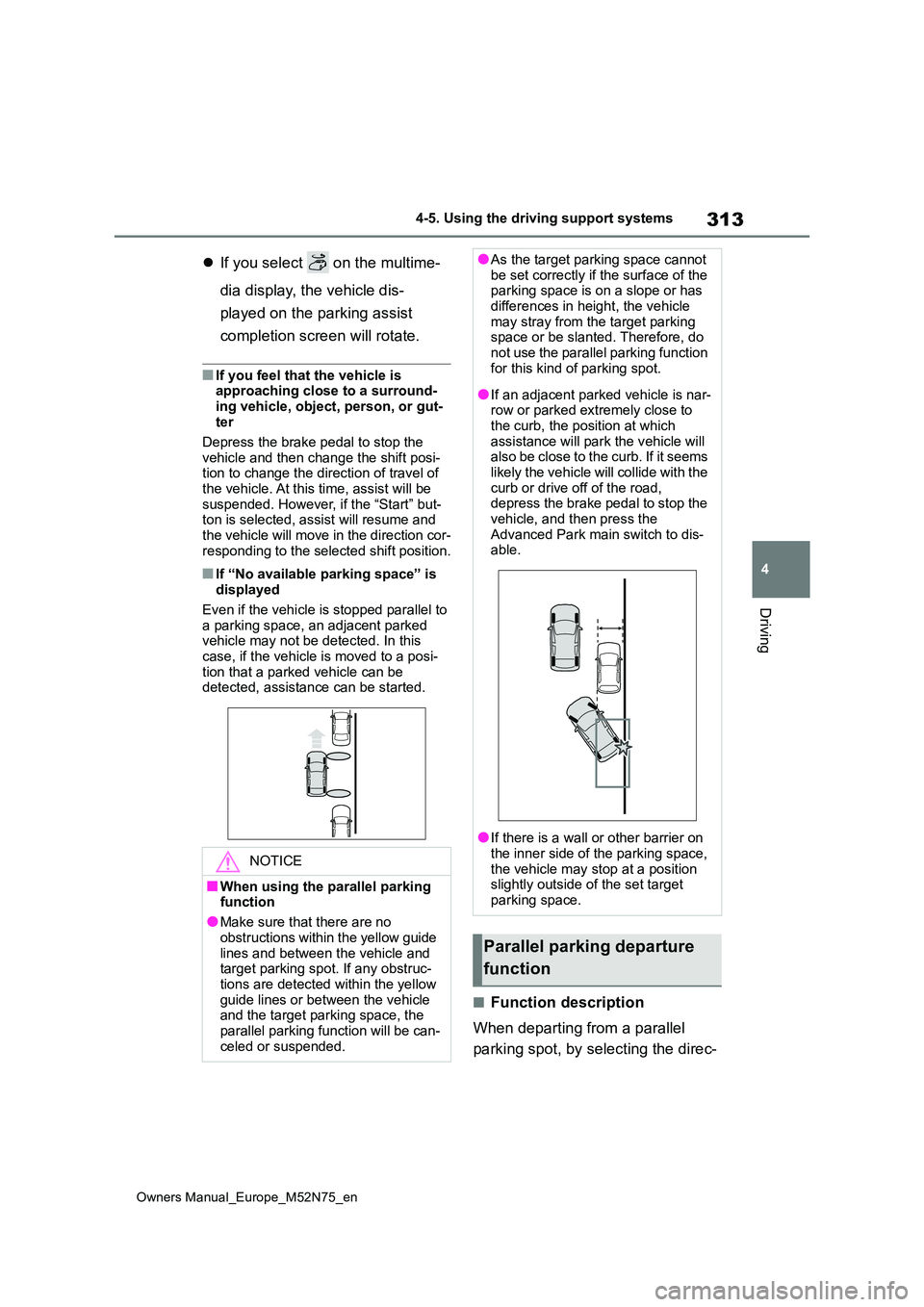 TOYOTA YARIS CROSS 2023 Owners Manual 313
4
Owners Manual_Europe_M52N75_en
4-5. Using the driving support systems
Driving
If you select on the multime-
dia display, the vehicle dis-
played on the parking assist
completion screen TOYOTA YARIS CROSS 2023 Owners Manual 313
4
Owners Manual_Europe_M52N75_en
4-5. Using the driving support systems
Driving
If you select on the multime-
dia display, the vehicle dis-
played on the parking assist
completion screen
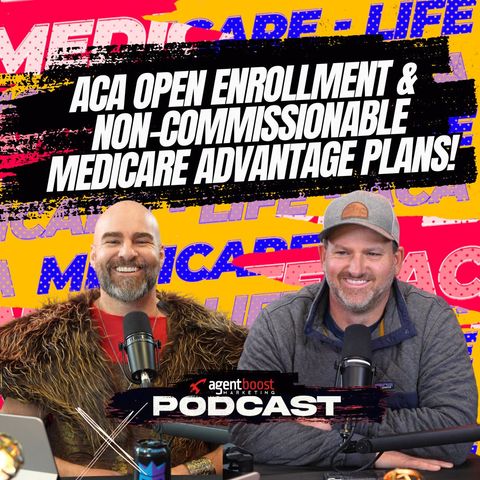 Episode 63: ACA Open Enrollment & Non-Commissionable Medicare Advantage Plans!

* * *

- **Task to carry out**:
A verbatim copy of the data, pictures removed, is the expected result.

- **Task output**:
 TOYOTA YARIS CROSS 2023 Owners Manual 313
4
Owners Manual_Europe_M52N75_en
4-5. Using the driving support systems
Driving
If you select on the multime-
dia display, the vehicle dis-
played on the parking assist
completion screen TOYOTA YARIS CROSS 2023 Owners Manual 313
4
Owners Manual_Europe_M52N75_en
4-5. Using the driving support systems
Driving
If you select on the multime-
dia display, the vehicle dis-
played on the parking assist
completion screen
 Episode 63: ACA Open Enrollment & Non-Commissionable Medicare Advantage Plans!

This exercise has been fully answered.